US IMPOSES SANCTIONS ON INDIAN COMPANY
In what is likely the first action against an Indian company for allegedly dealing in Iranian petroleum products, the US Treasury Department has imposed sanctions on Mumbai-based Tibalaji Petrochem Private Limited.
New York: In what is likely the first action against an Indian company for allegedly dealing in Iranian petroleum products, the US Treasury Department has imposed sanctions on Mumbai-based Tibalaji Petrochem Private Limited. In September the Department said that the company “purchased millions of dollars worth” petrochemical products, for “onward shipment to China”. The company was one of eight that were hit in the latest round of sanctions. The others are located in the United Arab Emirates (UAE), Hong Kong and China.

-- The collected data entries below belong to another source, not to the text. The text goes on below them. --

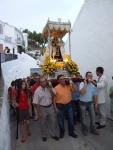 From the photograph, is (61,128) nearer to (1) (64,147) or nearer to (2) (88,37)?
(1) (64,147)

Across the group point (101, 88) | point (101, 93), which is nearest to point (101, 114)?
point (101, 93)

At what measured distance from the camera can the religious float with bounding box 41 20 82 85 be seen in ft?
32.6

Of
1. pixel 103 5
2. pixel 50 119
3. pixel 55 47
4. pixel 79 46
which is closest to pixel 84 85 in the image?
pixel 50 119

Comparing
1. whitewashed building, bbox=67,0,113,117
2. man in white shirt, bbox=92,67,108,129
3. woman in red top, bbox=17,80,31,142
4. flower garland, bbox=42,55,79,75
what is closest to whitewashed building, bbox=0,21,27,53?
whitewashed building, bbox=67,0,113,117

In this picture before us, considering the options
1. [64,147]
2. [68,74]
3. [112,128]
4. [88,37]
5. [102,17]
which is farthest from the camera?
[88,37]

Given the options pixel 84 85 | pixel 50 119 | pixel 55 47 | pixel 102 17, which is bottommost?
pixel 50 119

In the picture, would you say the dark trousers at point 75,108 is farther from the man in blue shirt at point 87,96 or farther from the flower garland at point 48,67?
the flower garland at point 48,67

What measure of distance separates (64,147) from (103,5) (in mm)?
5905

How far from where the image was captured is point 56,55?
10844 mm

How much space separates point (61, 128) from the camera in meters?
7.85

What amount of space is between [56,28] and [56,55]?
934mm

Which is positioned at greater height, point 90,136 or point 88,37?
point 88,37

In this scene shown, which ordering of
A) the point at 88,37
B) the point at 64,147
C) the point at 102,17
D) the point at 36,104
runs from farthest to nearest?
1. the point at 88,37
2. the point at 102,17
3. the point at 36,104
4. the point at 64,147

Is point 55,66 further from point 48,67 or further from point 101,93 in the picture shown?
point 101,93
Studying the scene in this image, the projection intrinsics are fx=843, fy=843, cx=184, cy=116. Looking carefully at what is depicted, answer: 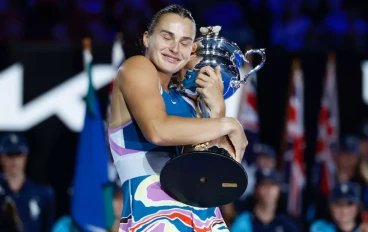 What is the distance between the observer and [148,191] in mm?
3926

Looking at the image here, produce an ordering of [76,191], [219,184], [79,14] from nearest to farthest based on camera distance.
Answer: [219,184] → [76,191] → [79,14]

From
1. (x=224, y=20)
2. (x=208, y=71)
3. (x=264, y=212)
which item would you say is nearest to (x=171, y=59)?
(x=208, y=71)

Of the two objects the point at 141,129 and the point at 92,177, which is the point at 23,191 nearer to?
the point at 92,177

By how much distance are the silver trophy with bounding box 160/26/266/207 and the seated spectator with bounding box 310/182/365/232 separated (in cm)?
430

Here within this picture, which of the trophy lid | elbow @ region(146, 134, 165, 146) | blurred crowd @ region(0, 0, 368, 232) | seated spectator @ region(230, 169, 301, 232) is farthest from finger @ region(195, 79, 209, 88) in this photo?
seated spectator @ region(230, 169, 301, 232)

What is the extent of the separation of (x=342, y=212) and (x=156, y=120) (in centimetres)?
482

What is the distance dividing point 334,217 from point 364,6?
3.34 metres

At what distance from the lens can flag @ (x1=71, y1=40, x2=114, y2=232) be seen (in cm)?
792

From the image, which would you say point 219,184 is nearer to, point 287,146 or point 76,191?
point 76,191

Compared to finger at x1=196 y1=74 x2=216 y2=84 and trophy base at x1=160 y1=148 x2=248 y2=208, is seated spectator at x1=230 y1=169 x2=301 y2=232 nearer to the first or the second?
trophy base at x1=160 y1=148 x2=248 y2=208

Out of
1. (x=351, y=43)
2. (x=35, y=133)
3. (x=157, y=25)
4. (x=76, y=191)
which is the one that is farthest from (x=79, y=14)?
(x=157, y=25)

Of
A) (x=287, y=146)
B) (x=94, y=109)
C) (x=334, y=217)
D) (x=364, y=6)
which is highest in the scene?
(x=364, y=6)

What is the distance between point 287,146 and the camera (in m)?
8.92

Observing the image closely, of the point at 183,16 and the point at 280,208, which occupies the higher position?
the point at 183,16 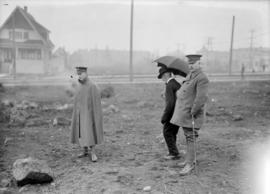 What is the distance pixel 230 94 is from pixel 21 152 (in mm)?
12898

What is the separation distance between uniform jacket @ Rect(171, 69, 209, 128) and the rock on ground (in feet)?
7.71

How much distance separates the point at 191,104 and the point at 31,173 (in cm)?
289

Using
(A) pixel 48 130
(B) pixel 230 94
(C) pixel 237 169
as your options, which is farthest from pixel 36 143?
(B) pixel 230 94

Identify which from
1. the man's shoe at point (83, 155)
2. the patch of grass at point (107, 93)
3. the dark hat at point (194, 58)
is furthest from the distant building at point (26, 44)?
the dark hat at point (194, 58)

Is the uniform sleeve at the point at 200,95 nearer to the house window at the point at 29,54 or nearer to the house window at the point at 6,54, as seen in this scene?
the house window at the point at 6,54

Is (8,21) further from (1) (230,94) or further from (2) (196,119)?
(2) (196,119)

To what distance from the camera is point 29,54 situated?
1366 inches

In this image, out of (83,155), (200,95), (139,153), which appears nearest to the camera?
(200,95)

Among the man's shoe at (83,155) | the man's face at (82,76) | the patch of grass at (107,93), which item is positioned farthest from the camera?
the patch of grass at (107,93)

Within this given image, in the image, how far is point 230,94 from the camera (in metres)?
17.1

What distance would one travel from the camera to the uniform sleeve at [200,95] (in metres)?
5.01

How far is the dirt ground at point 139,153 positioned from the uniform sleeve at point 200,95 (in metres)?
1.19

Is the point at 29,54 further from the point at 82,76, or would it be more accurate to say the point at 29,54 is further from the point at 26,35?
the point at 82,76

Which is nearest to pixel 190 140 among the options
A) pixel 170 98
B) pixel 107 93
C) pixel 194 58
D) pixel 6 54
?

The sanctions came shortly after India’s External Affairs Minister S. Jaishankar wrapped up his visit to Washington where he met several top officials, including Secretaries Antony Blinken of State, Lloyd Austin of Defence and Gail Raimondo of Commerce, and National Security Adviser Jake Sullivan.
When asked by a reporter at a briefing if the Iran sanctions came in Jaishankar’s meeting with Blinken, State Department Deputy Spokesperson Dev Patel said they had nothing beyond what they had said at their news conference.

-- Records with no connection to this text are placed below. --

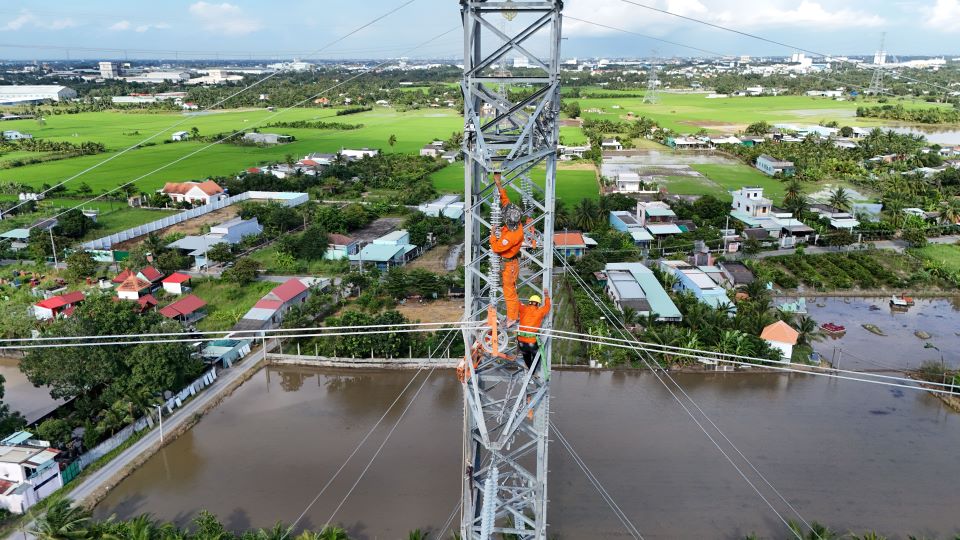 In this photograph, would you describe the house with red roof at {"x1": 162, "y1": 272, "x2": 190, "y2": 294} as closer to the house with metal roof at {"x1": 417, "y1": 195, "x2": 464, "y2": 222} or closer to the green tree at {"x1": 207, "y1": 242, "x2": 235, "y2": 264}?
the green tree at {"x1": 207, "y1": 242, "x2": 235, "y2": 264}

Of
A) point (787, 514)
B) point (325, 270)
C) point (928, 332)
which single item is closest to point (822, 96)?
point (928, 332)

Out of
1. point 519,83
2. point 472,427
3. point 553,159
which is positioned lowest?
point 472,427

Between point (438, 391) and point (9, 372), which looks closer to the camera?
point (438, 391)

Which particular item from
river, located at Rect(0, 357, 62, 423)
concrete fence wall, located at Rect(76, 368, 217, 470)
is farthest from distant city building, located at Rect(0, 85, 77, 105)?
concrete fence wall, located at Rect(76, 368, 217, 470)

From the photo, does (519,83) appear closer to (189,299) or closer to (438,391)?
(438,391)

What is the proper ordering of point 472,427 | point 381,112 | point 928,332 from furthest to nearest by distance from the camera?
point 381,112, point 928,332, point 472,427

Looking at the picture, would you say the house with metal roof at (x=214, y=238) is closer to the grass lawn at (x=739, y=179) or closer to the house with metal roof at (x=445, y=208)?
the house with metal roof at (x=445, y=208) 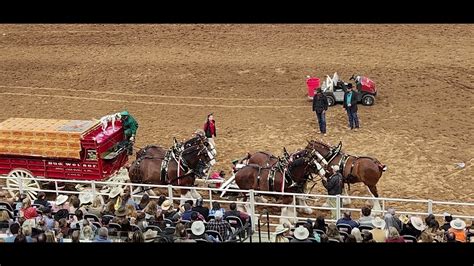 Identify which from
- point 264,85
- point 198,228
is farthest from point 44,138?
point 264,85

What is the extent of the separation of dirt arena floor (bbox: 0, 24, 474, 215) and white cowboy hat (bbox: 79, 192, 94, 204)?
470 centimetres

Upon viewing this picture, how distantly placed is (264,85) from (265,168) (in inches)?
430

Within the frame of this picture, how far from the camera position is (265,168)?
14.2 meters

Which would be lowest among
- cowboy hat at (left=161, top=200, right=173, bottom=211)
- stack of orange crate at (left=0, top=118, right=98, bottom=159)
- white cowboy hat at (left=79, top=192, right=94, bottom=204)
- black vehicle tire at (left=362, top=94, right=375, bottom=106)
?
cowboy hat at (left=161, top=200, right=173, bottom=211)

India has abided by the sanctions imposed by the US on Tehran and its companies have refrained from importing petroleum products from Iran.
The alleged deals made by Tibalaji, which describes itself on its website as a “growing petrochemical trading company”, do not appear to be for importing Iranian material to India, but rather for China. Most of the US sanctions were lifted after Iran reached an agreement with the five permanent members of the UN Security Council and Germany in 2015 to curtail its nuclear programme capable of weaponizing it.
But they were reimposed after former US President Donald Trump withdrew from the deal and Tehran restarted its nuclear weapons-capable programme. “The US is committed to severely restricting Iran’s illicit oil and petrochemical sales,” said Under Secretary of the Treasury for Terrorism and Financial Intelligence Brian Nelson.